DIRECTIONS: Below are some records. Retype exactly the lines from the one containing "lets lagoon chapter 55 3" through the one containing "Fashionphile", both included, skipping every picture.

[Captioned web images]
+++++
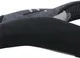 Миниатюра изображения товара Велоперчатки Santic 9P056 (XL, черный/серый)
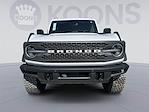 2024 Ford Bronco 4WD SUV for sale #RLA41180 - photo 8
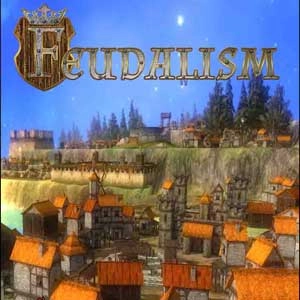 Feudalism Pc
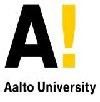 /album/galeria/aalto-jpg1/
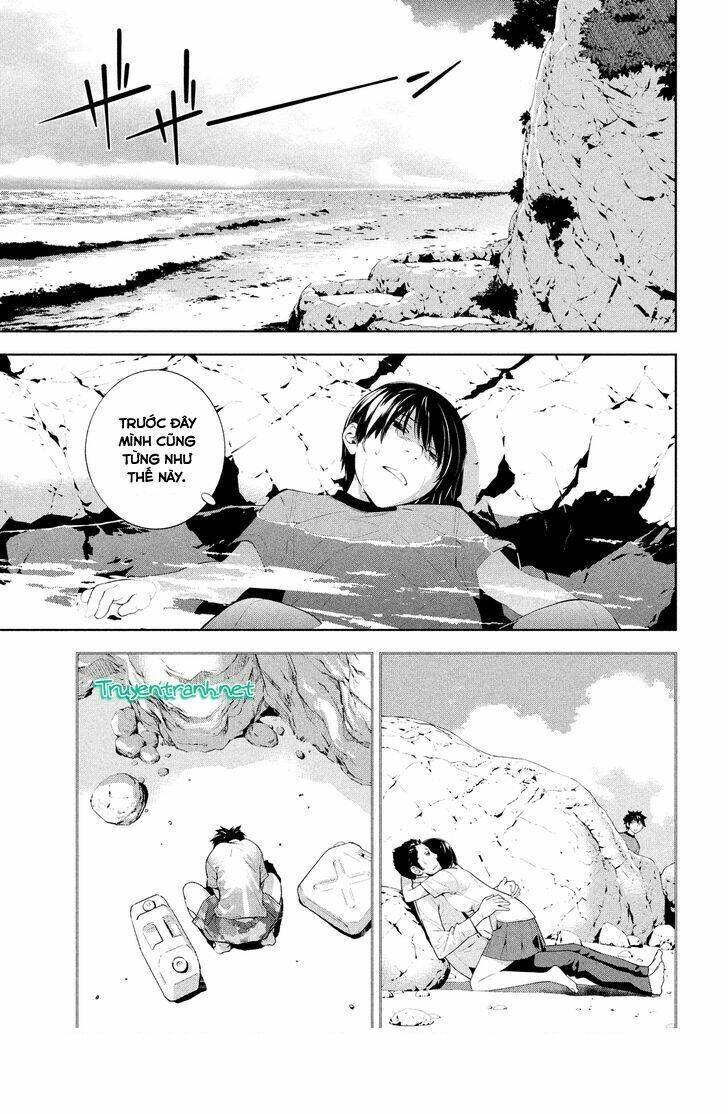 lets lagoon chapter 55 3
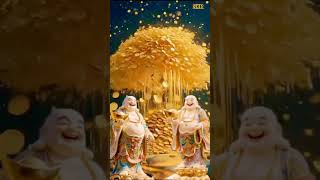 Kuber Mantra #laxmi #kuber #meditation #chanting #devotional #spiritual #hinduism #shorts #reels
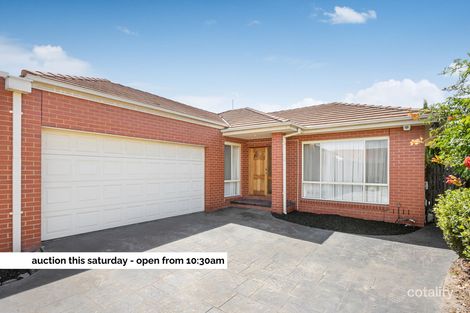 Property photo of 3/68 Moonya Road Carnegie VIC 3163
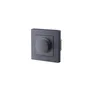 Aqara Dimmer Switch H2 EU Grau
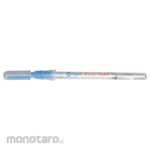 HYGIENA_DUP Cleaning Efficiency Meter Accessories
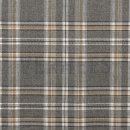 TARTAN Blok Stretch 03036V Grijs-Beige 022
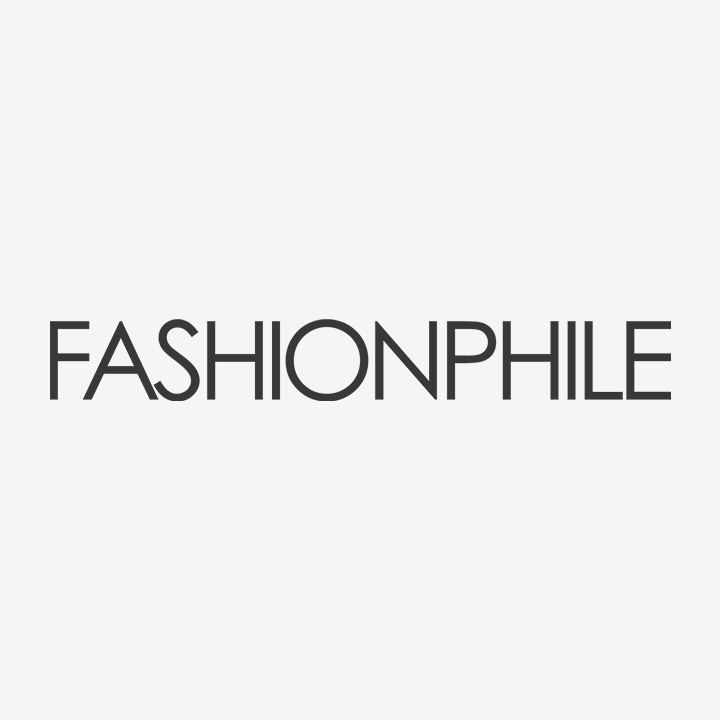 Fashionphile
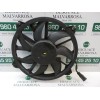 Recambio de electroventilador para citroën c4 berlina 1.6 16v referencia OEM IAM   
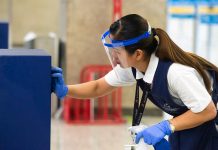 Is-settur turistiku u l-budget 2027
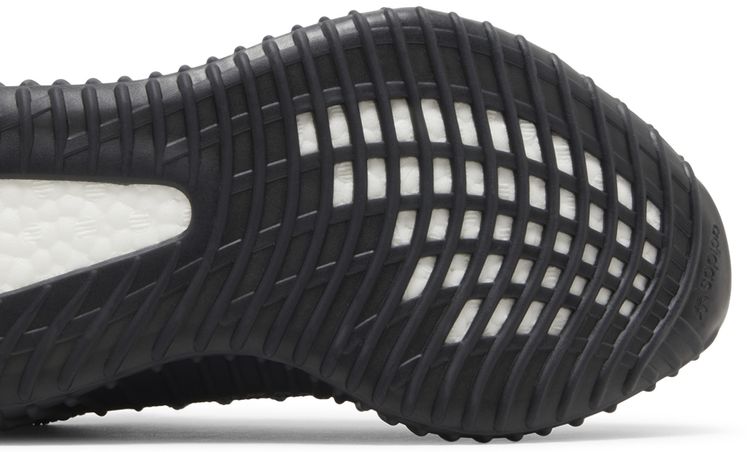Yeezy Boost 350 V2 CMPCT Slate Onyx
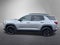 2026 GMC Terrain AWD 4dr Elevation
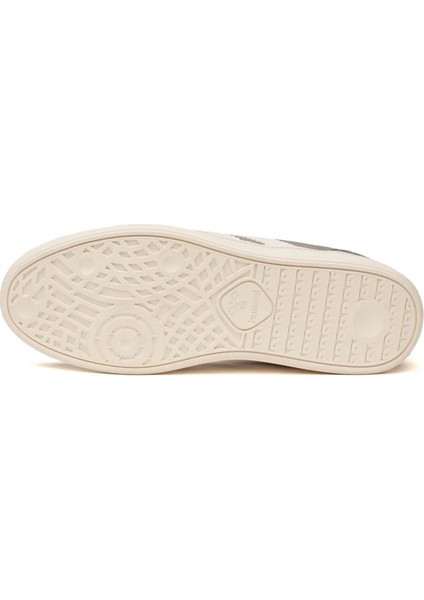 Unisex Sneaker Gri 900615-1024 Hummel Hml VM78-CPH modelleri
+++++
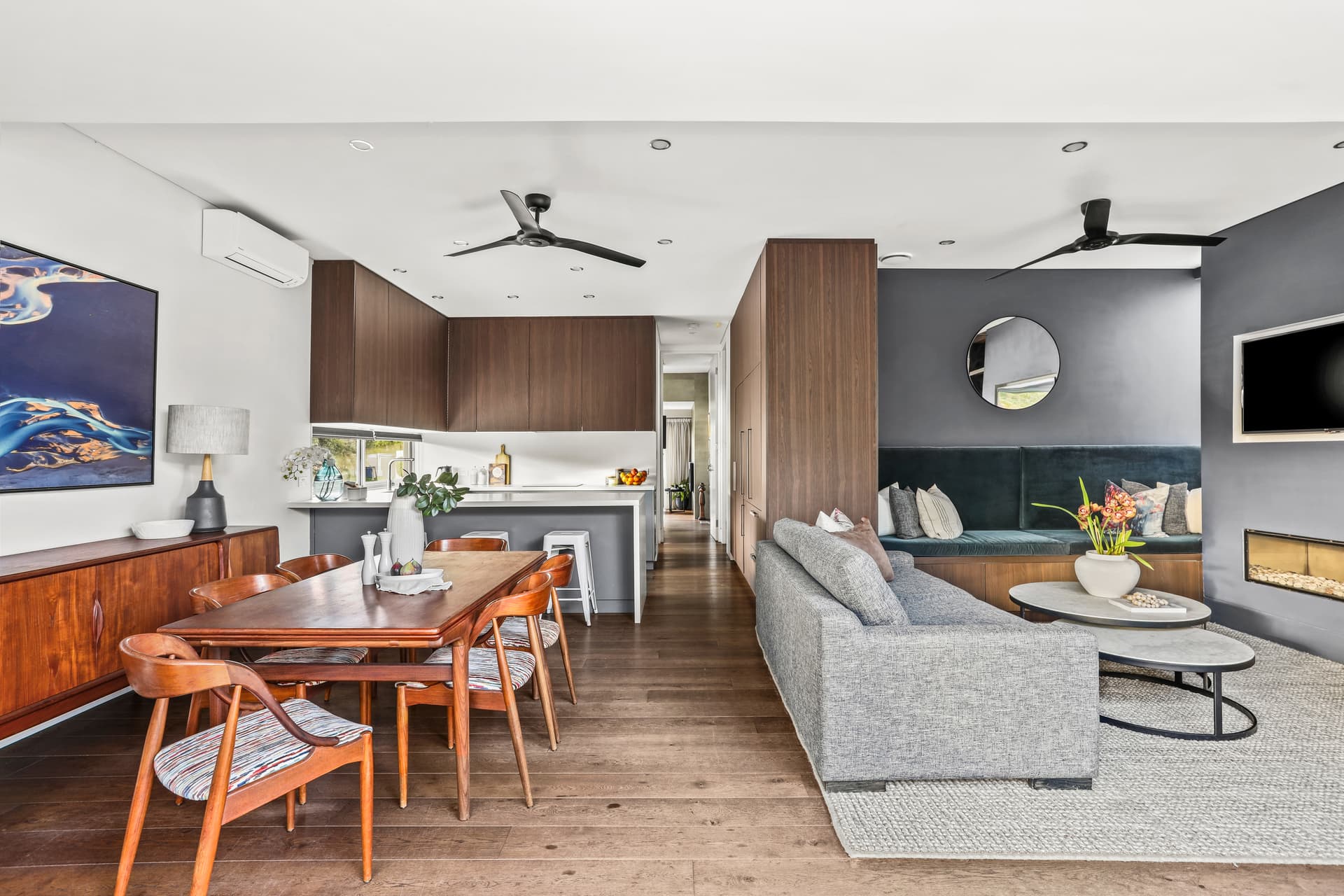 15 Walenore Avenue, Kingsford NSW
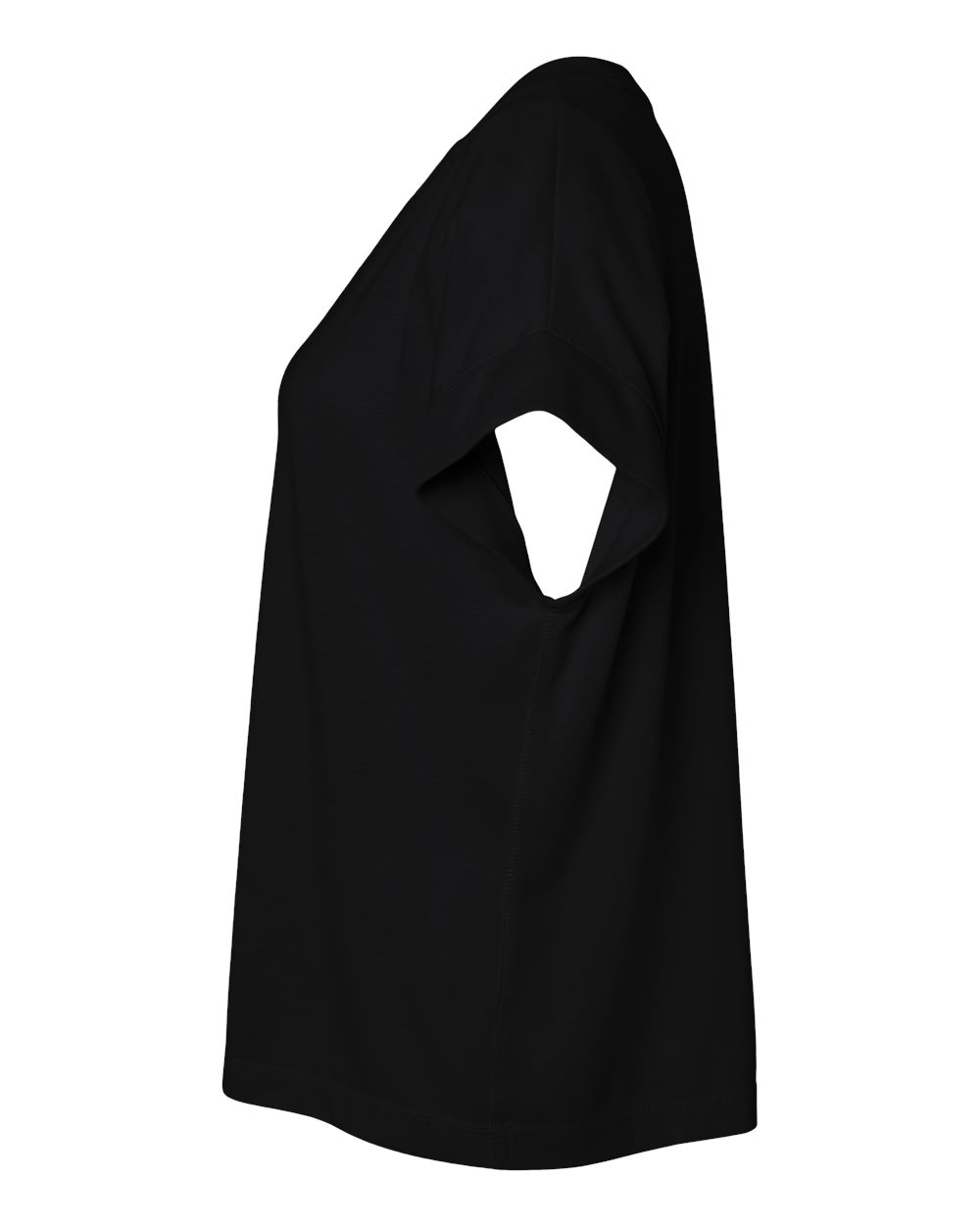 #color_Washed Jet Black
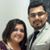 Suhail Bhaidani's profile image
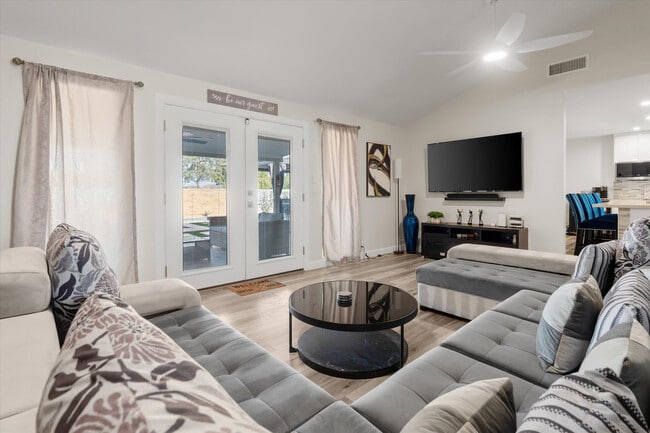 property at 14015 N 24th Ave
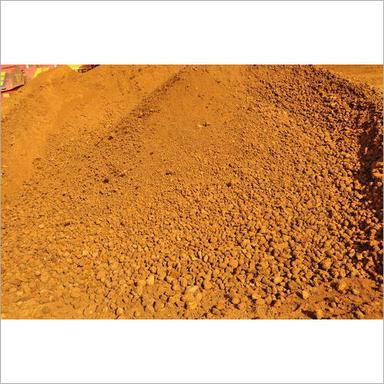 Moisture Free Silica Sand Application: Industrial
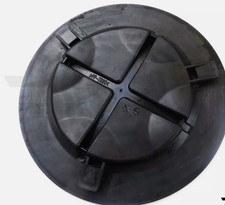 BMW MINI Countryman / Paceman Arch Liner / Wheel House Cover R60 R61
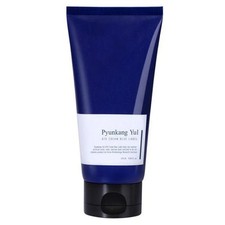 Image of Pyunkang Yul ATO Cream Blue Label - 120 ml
+++++
RESPONSE TO THE EXERCISE:
 lets lagoon chapter 55 3
 Kuber Mantra #laxmi #kuber #meditation #chanting #devotional #spiritual #hinduism #shorts #reels
 Property photo of 3/68 Moonya Road Carnegie VIC 3163
 Aqara Dimmer Switch H2 EU Grau
 HYGIENA_DUP Cleaning Efficiency Meter Accessories
 TARTAN Blok Stretch 03036V Grijs-Beige 022
 Fashionphile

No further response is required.